News roundup - Wednesday, 27 September, until 3pm

Ljubljana, 27 September - Below is a roundup of major events on Wednesday, 27 September, until 3pm local time:

Police beef up checks on border with Croatia

LJUBLJANA - Slovenian police stepped up activities along the border with Croatia by deploying additional officers along the main corridors where migrants enter the country. "These are not internal [border] checks, these are compensatory measures," Interior Minister Boštjan Poklukar told the press. He said the focus was on detecting people smugglers and cracking down on cross-border, stressing that there is "an important difference" between internal border checks and compensatory measures of the kind deployed now.

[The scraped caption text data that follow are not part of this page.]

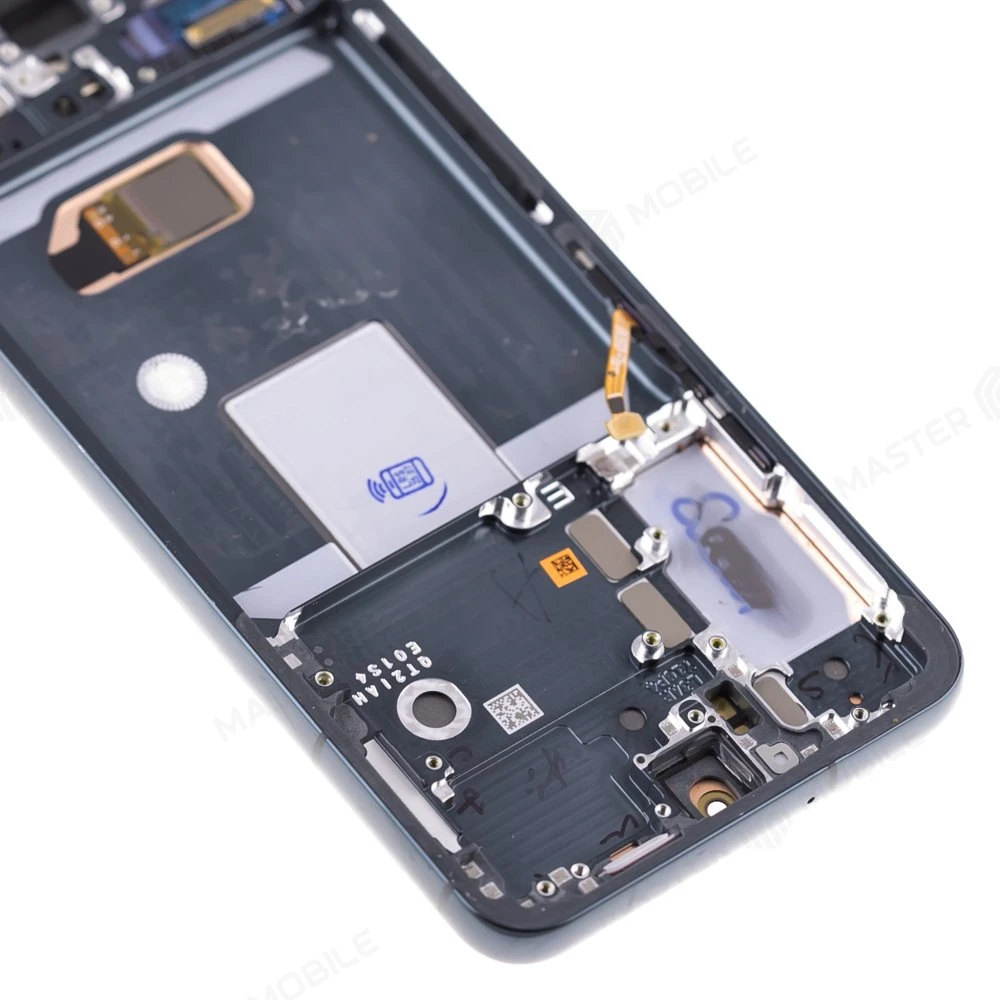 Дисплей для Samsung S901 Galaxy S22 + тачскрин (зеленый) (в рамке) (ORIG100) (возможен дефект ЛКП) фото №3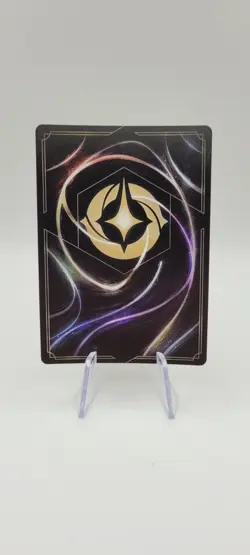 Disney Lorcana TCG: The Queen - Conceited Ruler (Epic) 205/204 Fabled Holo - NM - Image 3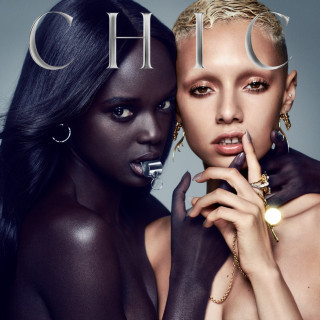 Nile Rodgers & CHIC - It's About Time album cover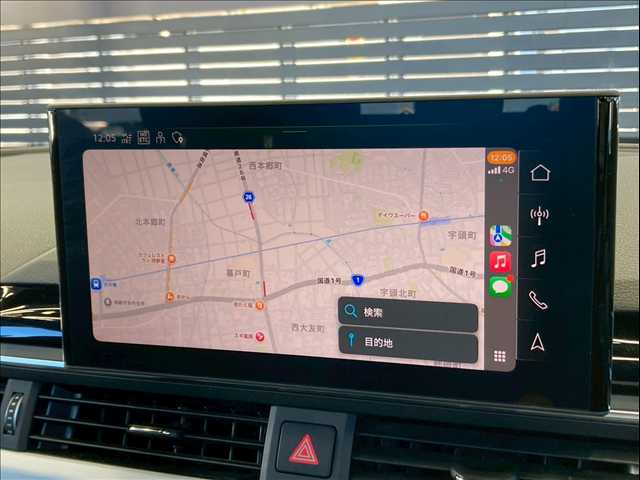 アウディ&nbsp;A4 Avantの画像5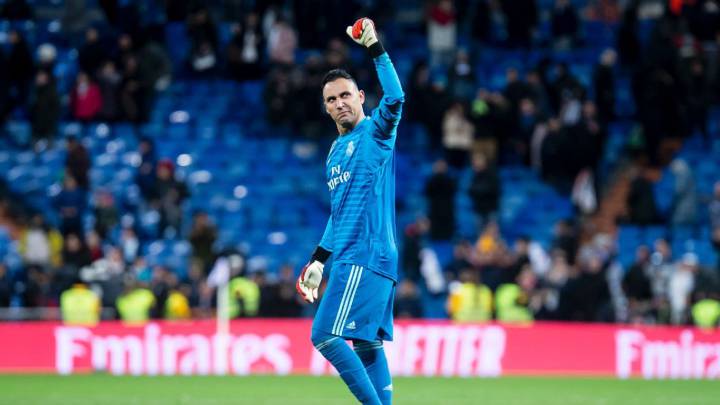 Wanchope: "Keylor Navas es el referente de Concacaf y lo será siempre"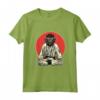 Monkey Demon - Maglietta Scimmia BJJ Brasiliano - Ideale per Allenamento e Regalo per Appassionati di Arti Marziali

Home Affairs Committee suspends marathon migration session

LJUBLJANA - The parliamentary Home Affairs Committee spent five hours discussing migrations yesterday evening before suspending the session to complete the discussion at a later time. The session was called at the request of the Democrats (SDS), with the opposition party demanding better protection of the southern border, especially in the Brežice area, due to a surge in the number of migrants crossing there. The SDS demanded the government not only stop removing the border fence but to erect new sections, and called for stronger police presence.

Statistics Office director faces dismissal

LJUBLJANA - The head of the Statistics Office, Tomaž Smrekar, likely faces dismissal over an unexpected revision of GDP growth figures for last year after the government yesterday decided to "inform [him] of alleged violations and possible grounds for dismissal" and urged him to respond. The move comes after the Statistics Office surprisingly revised GDP growth figures for 2022 from 5.4% to just 2.5%. It said the wide gap was the result of missing aggregate data at the time that quarterly figures were being prepared.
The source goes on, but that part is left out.